Friday, 18 August 2023

Snowy Snafu v New Clear Nuclear

From here
Back in 2017 then Australian Prime Minister Malcolm Turnbull announced what he called “Snowy 2.0”.

For those of us alive in the 1950s we well remember the building of Snowy 1.0. That was the Snowy Mountains Hydroelectric Scheme. A grand project, built by optimistic people for an optimistic nation. Many immigrants found their way to the Snowy Mountains in southern New South Wales. We called them “New Australians” then, a term I find endearing and inclusive, and I rather wish we’d kept it. I don’t know any one of them disliked it, felt “triggered” or any such nonsense. For the most part they were grateful for well-paid work in the fresh Alpine air of their adopted land. 

The headquarters for this grand project was the town of Cooma, an hour out of Canberra, where I spent my youth on return from five years in Italy. Unable to speak English at the time, I too shared the immigrant experience, put in a class at Ainslie Primary School for “New Australians”.

And thus was born the Snowy Mountains Hydro Electric scheme, giving us clean green renewable electricity to this day.

We all loved the Snowy Scheme. Still do. So we were all well disposed to an expansion. 

And so to Malcolm’s Snowy 2.0. When he announced it I thought: “wonderful!” 

Great idea. And it may still be. Although there are problems. The first is cost blow-out, from $A 2 billion to $A 10 billion. That’s not counting the extra transmission lines needed. Cost blow-outs seem to be pretty much par for the course for big projects like this, so no surprise there, I guess. Then there are delays. Apparently a tunnel boring machine has been stuck in one of the tunnels for over a year. 

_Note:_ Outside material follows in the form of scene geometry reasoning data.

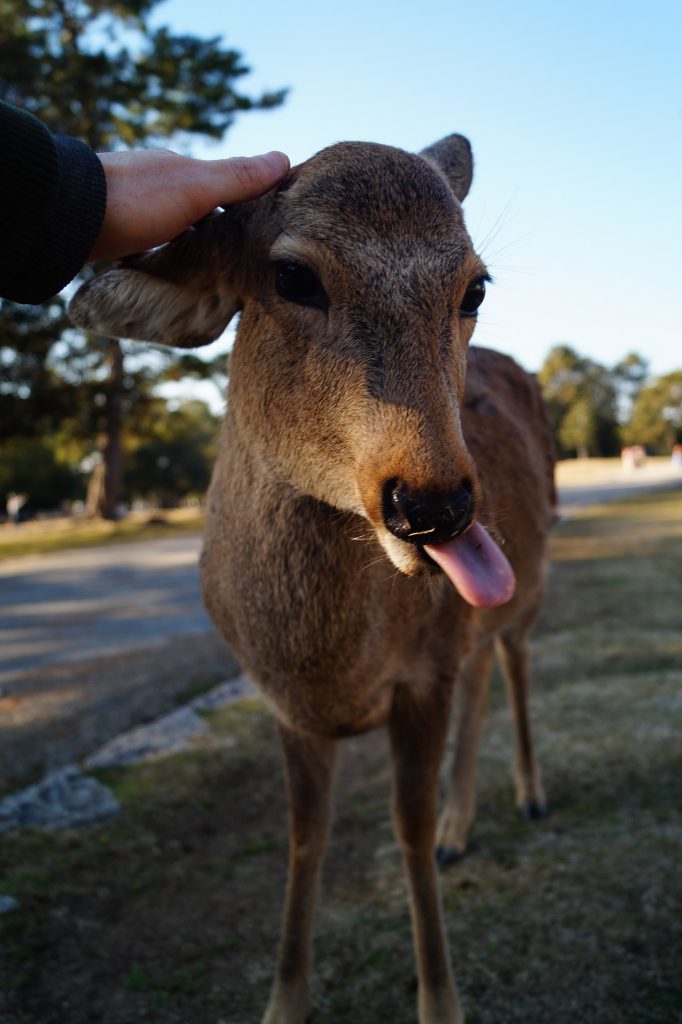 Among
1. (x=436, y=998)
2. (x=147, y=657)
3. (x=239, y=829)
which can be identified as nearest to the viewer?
(x=436, y=998)

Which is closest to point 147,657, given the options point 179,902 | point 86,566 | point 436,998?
point 179,902

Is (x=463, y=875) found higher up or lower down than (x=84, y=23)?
lower down

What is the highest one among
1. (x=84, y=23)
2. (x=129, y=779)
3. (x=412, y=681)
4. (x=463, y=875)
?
(x=84, y=23)

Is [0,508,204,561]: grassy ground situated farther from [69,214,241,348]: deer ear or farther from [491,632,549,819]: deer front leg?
[69,214,241,348]: deer ear

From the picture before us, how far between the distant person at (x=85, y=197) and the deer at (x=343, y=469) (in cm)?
13

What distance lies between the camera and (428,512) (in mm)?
1768

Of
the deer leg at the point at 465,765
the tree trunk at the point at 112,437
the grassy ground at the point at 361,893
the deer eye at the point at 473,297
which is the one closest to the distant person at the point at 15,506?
the tree trunk at the point at 112,437

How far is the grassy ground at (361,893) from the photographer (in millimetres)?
2992

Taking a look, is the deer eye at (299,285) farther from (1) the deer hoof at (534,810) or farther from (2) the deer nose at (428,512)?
(1) the deer hoof at (534,810)

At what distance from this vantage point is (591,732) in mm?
5211

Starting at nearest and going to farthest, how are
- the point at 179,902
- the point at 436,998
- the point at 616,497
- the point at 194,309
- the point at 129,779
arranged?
the point at 194,309, the point at 436,998, the point at 179,902, the point at 129,779, the point at 616,497

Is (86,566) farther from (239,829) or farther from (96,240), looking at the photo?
(96,240)

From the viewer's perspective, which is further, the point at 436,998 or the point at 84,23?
the point at 84,23

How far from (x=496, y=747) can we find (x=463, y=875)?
1593 mm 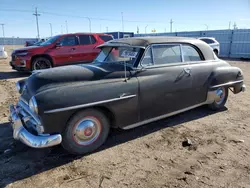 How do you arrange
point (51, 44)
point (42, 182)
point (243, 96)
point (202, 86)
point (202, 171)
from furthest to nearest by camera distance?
point (51, 44), point (243, 96), point (202, 86), point (202, 171), point (42, 182)

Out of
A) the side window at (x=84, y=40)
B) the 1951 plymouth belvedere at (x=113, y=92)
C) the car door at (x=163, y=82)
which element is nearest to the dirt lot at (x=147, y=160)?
the 1951 plymouth belvedere at (x=113, y=92)

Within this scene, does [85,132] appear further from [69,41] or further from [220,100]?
[69,41]

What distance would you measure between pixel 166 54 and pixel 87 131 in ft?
6.75

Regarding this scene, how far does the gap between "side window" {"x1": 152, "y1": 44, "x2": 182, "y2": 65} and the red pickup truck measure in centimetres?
633

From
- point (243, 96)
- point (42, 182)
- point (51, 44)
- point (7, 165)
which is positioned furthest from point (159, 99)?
point (51, 44)

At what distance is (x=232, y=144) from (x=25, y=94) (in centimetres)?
343

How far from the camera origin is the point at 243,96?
6211mm

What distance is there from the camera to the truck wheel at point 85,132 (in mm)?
2994

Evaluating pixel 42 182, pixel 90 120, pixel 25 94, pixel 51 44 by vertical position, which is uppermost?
pixel 51 44

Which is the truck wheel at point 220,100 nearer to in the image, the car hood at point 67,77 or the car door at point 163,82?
the car door at point 163,82

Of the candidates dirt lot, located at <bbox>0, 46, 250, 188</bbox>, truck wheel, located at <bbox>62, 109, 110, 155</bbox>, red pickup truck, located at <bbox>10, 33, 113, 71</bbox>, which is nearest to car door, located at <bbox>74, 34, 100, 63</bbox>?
red pickup truck, located at <bbox>10, 33, 113, 71</bbox>

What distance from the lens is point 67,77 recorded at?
317 cm

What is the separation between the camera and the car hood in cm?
301

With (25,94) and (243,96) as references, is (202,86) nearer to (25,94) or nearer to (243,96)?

The idea of Snowy 2.0 is not so much to provide more deliverable power as to provide back up. Like a huge battery. Water will be pumped from the lower dam (Talbinga, 540m asl) into the higher dam (Tantangara 1,200m asl) when renewables generate cheap and excess power. The water from Tantangara will be released down to Talbinga as needed, powering turbines on the way. 

That’s still the concept. Just that it’s taking a lot longer and costing a lot more than predicted. 

Funny that. Because that’s the very push-back on nuclear. Takes too long and costs too much.

Let’s have a look at the figures. 

Nuclear power station: A 1GW nuclear power plant costs ~$US 10 billion and takes about 10 years to build. (China can do it in 6-8). This will produce around 8,322 GWh of power over a year (1GW x 8760 hours/year x 0.95 efficiency). 8,322 GWh is the same as 8,322,000 MWh per year.
 
Snowy 2.0 will cost around $US 10 billion and take about 10 years (my guess). That’s about the same time and cost as the 1GW nuclear power station. 

According to snowyhydro.com.au:
Snowy 2.0 will provide an additional 2,000 megawatts of dispatchable, on-demand generating capacity and approximately 350,000 megawatt hours of large-scale storage to the National Electricity Market. To provide context, this is enough energy storage to power three million homes over the course of a week.

350,000 MWh in a week is 6,730 MWh per year (350,000 MWh divided by 52 weeks). 

Nuclear divided by Snowy, MWh = 8322000/6730 = 1,236. 

Which means that Nuclear has over 1,200 times more dispatchable electricity on an ongoing basis, than Snowy 2.0. Of course Snowy 2.0 will refill the dam, the same as recharging a battery. I don’t know how often this can be done over a year, but assume all that 350,000 MWh is available all the time, the maximum. Then Nuclear still has 24 times more dispatchable electricity than Snowy 2.0. 

I’m not pushing here for Nuclear instead of Snowy 2.0. But just to put in perspective the fact the Nuclear produces more electricity, more regularly, as cleanly and safely, as Snowy 2.0 will, and does so at the same price and timeframe as Snowy 2.0. So let’s not continue saying that “Nuclear will take too long”, when we support alternatives that take as long or longer.